Mr Kreft said: “The demand for nursing home beds has never been higher at a time when the shortage of nurses in the care sector has never been more acute.

“The problems in recruiting staff to work in domiciliary care is now at crisis point in some parts of Wales.

“The number of over-85s is going to more than double in the next 20 years and we can’t even train enough new nurses to replace the ones who are retiring.

“At the same time we are putting up barriers to nurses from Europe and the rest of the world coming here to work.

“Brexit is a factor but there are a whole raft of things, nursing training is one of them and we would question the Nursing and Midwifery Council’s requirement for a high, academic standard of English.

“All in all it goes to make up the perfect storm of problems for the care sector.

“This is worst in rural areas where smaller homes can’t make the economies of scale that larger homes can and so they are closing because they haven’t got enough nurses.

“It is the small community nursing homes in rural communities that are under real pressure and once they close they will never come back and people from that area will have to be accommodated in larger homes further from their homes, families and friends.”

Ewa Syczuk, 47, a qualified nurse from Poland who lives in Colwyn Bay, is the manager of Akari Care’s 21-bed Cartref y Borth nursing home in Llanrwst, and she blames the Brexit factor for the shortage of nurses.

She said: “I have been here for 15 years and two of my Polish friends have recently gone back because of Brexit and because pay is now better there.

“When I came here you could earn as much in two or three months here as you could in a year in Poland.

“Now it is very difficult to fill vacancies for nurses. We have advertised for two years and not had one application and I blame Brexit and the environment it has caused.

“Many people feel very unwelcome here now. A man asked me when I was going home and I said, ‘At five’o’clock, that’s when I go home’, and he’s unemployed and I’ve always worked since I’ve been here.

“But the staff here in Llanrwst are wonderful and I love the residents too but I think it is much more difficult to find nurses here in Wales than in the big towns and cities and agency nurses are very expensive and they don’t know the residents.”

Further down the Conwy Valley at Pentrefoelas, Meryl Welsby is Director of Cartref Bryn yr Eglwys Nursing Home and is experiencing similar recruitment problems but is reluctant to blame Brexit.

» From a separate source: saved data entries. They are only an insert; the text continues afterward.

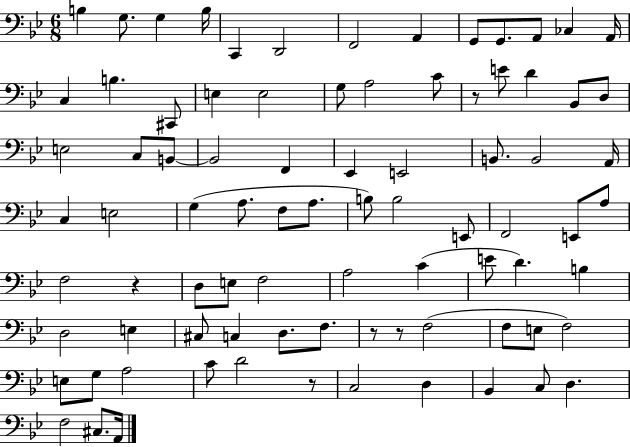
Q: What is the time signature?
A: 6/8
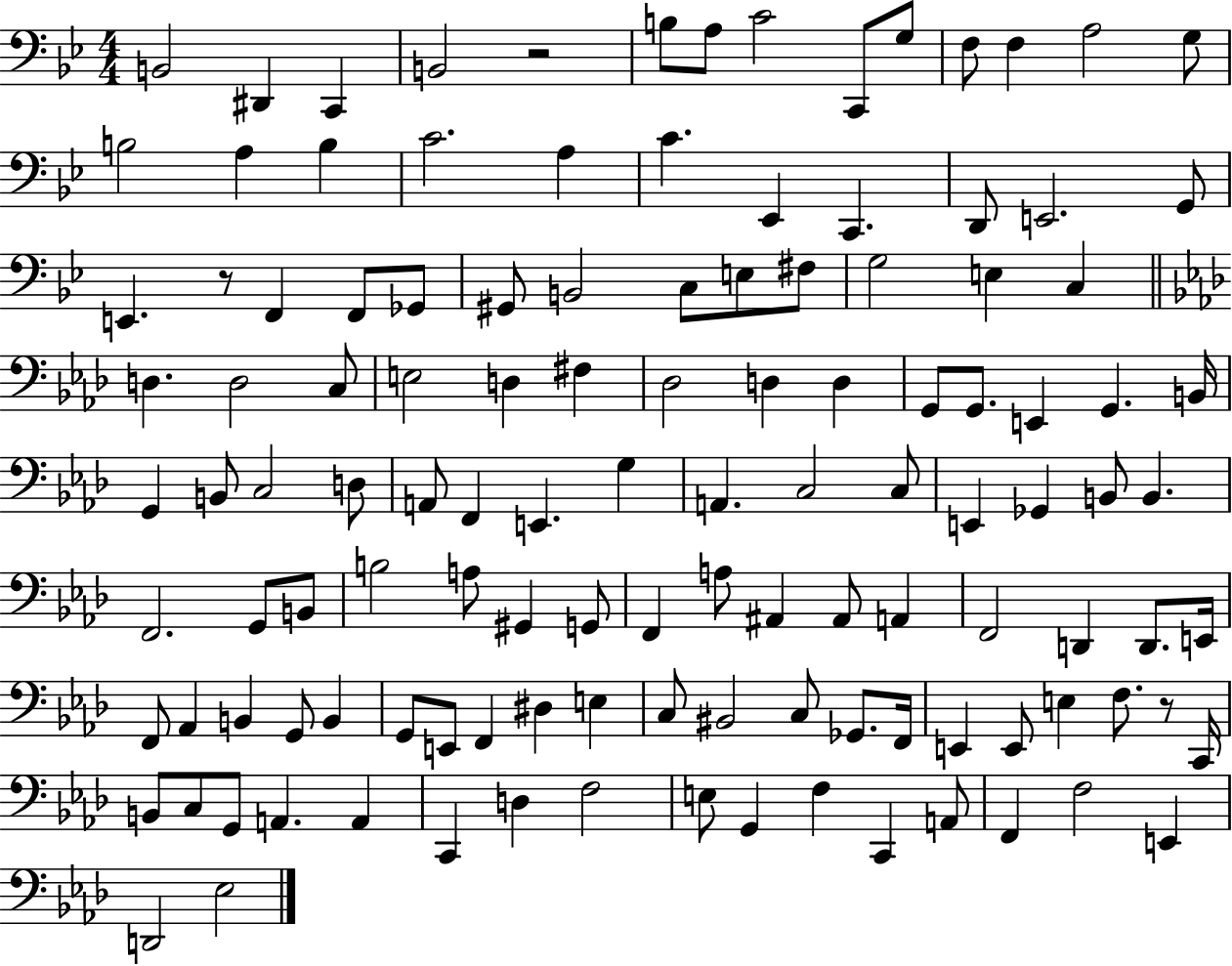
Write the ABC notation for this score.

X:1
T:Untitled
M:4/4
L:1/4
K:Bb
B,,2 ^D,, C,, B,,2 z2 B,/2 A,/2 C2 C,,/2 G,/2 F,/2 F, A,2 G,/2 B,2 A, B, C2 A, C _E,, C,, D,,/2 E,,2 G,,/2 E,, z/2 F,, F,,/2 _G,,/2 ^G,,/2 B,,2 C,/2 E,/2 ^F,/2 G,2 E, C, D, D,2 C,/2 E,2 D, ^F, _D,2 D, D, G,,/2 G,,/2 E,, G,, B,,/4 G,, B,,/2 C,2 D,/2 A,,/2 F,, E,, G, A,, C,2 C,/2 E,, _G,, B,,/2 B,, F,,2 G,,/2 B,,/2 B,2 A,/2 ^G,, G,,/2 F,, A,/2 ^A,, ^A,,/2 A,, F,,2 D,, D,,/2 E,,/4 F,,/2 _A,, B,, G,,/2 B,, G,,/2 E,,/2 F,, ^D, E, C,/2 ^B,,2 C,/2 _G,,/2 F,,/4 E,, E,,/2 E, F,/2 z/2 C,,/4 B,,/2 C,/2 G,,/2 A,, A,, C,, D, F,2 E,/2 G,, F, C,, A,,/2 F,, F,2 E,, D,,2 _E,2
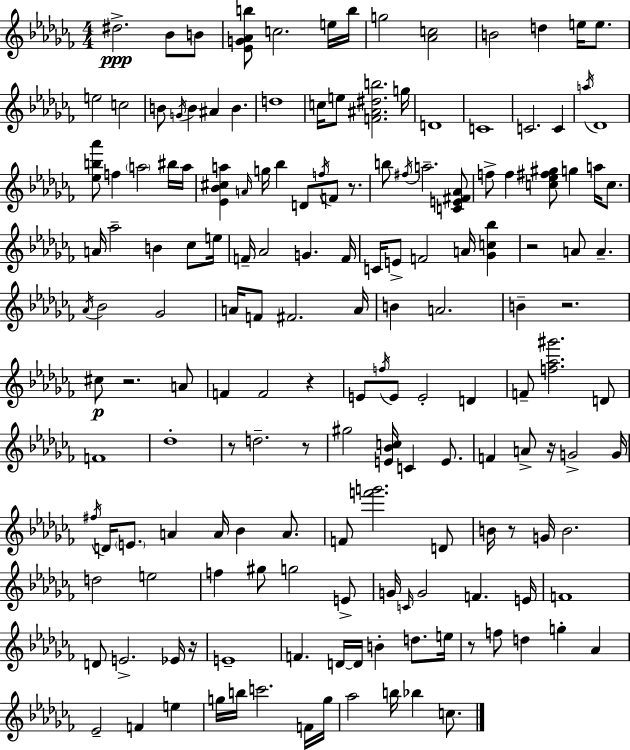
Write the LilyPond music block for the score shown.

{
  \clef treble
  \numericTimeSignature
  \time 4/4
  \key aes \minor
  \repeat volta 2 { dis''2.->\ppp bes'8 b'8 | <ees' g' aes' b''>8 c''2. e''16 b''16 | g''2 <aes' c''>2 | b'2 d''4 e''16 e''8. | \break e''2 c''2 | b'8 \acciaccatura { g'16 } b'4 ais'4 b'4. | d''1 | c''16 e''8 <f' ais' dis'' b''>2. | \break g''16 d'1 | c'1 | c'2. c'4 | \acciaccatura { a''16 } des'1 | \break <ees'' b'' aes'''>8 f''4 \parenthesize a''2 | bis''16 a''16 <ees' bes' cis'' a''>4 \grace { a'16 } g''16 bes''4 d'8 \acciaccatura { f''16 } f'8 | r8. b''8 \acciaccatura { fis''16 } a''2.-- | <c' e' fis' aes'>8 f''8-> f''4 <c'' ees'' fis'' gis''>8 g''4 | \break a''16 c''8. a'16 aes''2-- b'4 | ces''8 e''16 f'16-- aes'2 g'4. | f'16 c'16 e'8-> f'2 | a'16 <ges' c'' bes''>4 r2 a'8 a'4.-- | \break \acciaccatura { aes'16 } bes'2 ges'2 | a'16 f'8 fis'2. | a'16 b'4 a'2. | b'4-- r2. | \break cis''8\p r2. | a'8 f'4 f'2 | r4 e'8 \acciaccatura { f''16 } e'8 e'2-. | d'4 f'8-- <f'' aes'' gis'''>2. | \break d'8 f'1 | des''1-. | r8 d''2.-- | r8 gis''2 <e' bes' c''>16 | \break c'4 e'8. f'4 a'8-> r16 g'2-> | g'16 \acciaccatura { fis''16 } d'16 \parenthesize e'8. a'4 | a'16 bes'4 a'8. f'8 <f''' g'''>2. | d'8 b'16 r8 g'16 b'2. | \break d''2 | e''2 f''4 gis''8 g''2 | e'8-> g'16 \grace { c'16 } g'2 | f'4. e'16 f'1 | \break d'8 e'2.-> | ees'16 r16 e'1-- | f'4. d'16~~ | d'16 b'4-. d''8. e''16 r8 f''8 d''4 | \break g''4-. aes'4 ees'2-- | f'4 e''4 g''16 b''16 c'''2. | f'16 g''16 aes''2 | b''16 bes''4 c''8. } \bar "|."
}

She said: “There is a general shortage of nurses in the UK but particularly in Wales and a major reason is that the Nursing and Midwifery Council which registers nurses in the UK changed its criteria for the English language.

“They now have to have an academic level of English which is very high, higher than in Australia or USA and that has largely closed the overseas market.

“At the same time we are training fewer nurses domestically and although I cover myself and I have a very good team who fill in for each other, sometimes we have to use the agencies.

“They can name their price and many are now going self-employed because it’s very lucrative for them but we are a small independent home with only 20 beds and so it’s not feasible to have agency nurses.

“It’s worse for us because we’re in a rural community a long way from a big general hospital and people here want to be looked after in their own locality and be able to speak Welsh.”

Mr Kreft added: “The chronic shortage of staff is getting worse all the time and causing a crisis in terms of the care people receive and the financial viability of the organisations providing the care, particularly in rural areas where there are no other options.

“As well as draining the resources of the social care sector it is also ramping up the pressure on the NHS which is already close to breaking point.”